Much of journalism, like much of life, is repetition. One consolation is that some listeners haven’t heard our songs before. Other listeners may actually like them, repeatedly. Anyway, I have given something like the below sermon before. Now, congregation, sit up straight in your pews and see what you think:

Tax Day isn’t very fun, is it? I mean, we all want to pay taxes, or at least don’t mind doing so — price of civilization and all. But we do mind when we think the taxes are too high and too numerous; when we think that they’re onerous and counterproductive. That is the way many of us feel right now. I don’t speak only of federal taxes, but of state and city taxes as well. They keep coming and coming . . .

I grew up listening to George McGovern say the following, all the time — whenever the subject of taxes came up: “Well, my dear old dad used to say, if you’re paying taxes, you’re doing pretty well.” So we were all supposed to shut up about taxes: because, if we were paying them, we were Richie Riches. You know how it goes.

Bill Buckley and I used to share a complaint about the tax code, and this is the way we would put it, when complaining together: The tax code pits Americans against one another. It pits homeowners against renters, married people against unmarried people, people with children against people without children, people with children going to college against people with children going into trades — and on and on. The tax code is packed with social policy, and bias. That’s one reason I say, a pox on it.

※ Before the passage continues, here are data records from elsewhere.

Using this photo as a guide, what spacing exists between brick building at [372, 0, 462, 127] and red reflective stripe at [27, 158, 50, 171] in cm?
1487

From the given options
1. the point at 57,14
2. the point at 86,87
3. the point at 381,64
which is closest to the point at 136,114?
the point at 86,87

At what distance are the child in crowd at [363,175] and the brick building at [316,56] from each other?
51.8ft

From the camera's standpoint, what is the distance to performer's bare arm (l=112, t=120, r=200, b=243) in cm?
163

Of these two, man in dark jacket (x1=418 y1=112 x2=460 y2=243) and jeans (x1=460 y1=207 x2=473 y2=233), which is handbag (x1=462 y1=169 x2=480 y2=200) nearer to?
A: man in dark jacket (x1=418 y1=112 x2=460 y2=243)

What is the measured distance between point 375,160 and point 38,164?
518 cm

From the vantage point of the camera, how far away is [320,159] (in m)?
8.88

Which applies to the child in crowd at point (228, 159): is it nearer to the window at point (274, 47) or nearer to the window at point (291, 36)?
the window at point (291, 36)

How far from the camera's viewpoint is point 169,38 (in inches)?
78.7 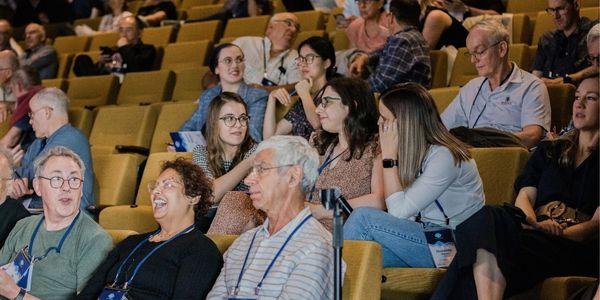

And what did Jimmy Carter call it? “A disgrace to the human race.” About one thing, at least, he was right.

I also think that every worker should pay taxes — which I know is not a popular position. I think the pimply kid just starting out at McDonald’s should pay taxes, and that Donald Trump should pay taxes. Everyone contributing to the commonweal. The pimply kid contributes a little; Trump contributes a lot — but it’s equitable.

Finally, I want to share a memory: When a conservative friend and I first started paying taxes (beginning of college, basically), we liked to imagine that our particular taxes were going to particular purposes. Laudable purposes. For example, we’d say, “Our taxes are going to pay the salary of Elliott Abrams,” the smart young assistant secretary of state who appeared on Crossfire now and then. We’d say, “Our taxes are going to pay Cap Weinberger,” the secretary of defense. And so on.

It was kind of fun. And it made us feel better about paying taxes. You may wish to try it. For example, you could say, “My taxes are going to subsidize ACORN.”

Oh, no, that won’t work . . .

I know I’ve mentioned this before (along with all of the above) — but here it is again: I had a golf instructor, one of the greats (Bill Strausbaugh Jr., the most decorated teaching pro in the PGA), who would often repeat himself, necessarily. Repetition is virtually the soul of coaching. (Bill made a distinction between teaching and coaching. “I can teach you all there is to know in a few lessons — so I’m your teacher for those few lessons. But I’m your coach for life.”)

He’d say, “I may bore you, but I hope never to confuse you.” I may repeat myself, but I want to be perfectly clear. (Oh, no, that was Nixon.)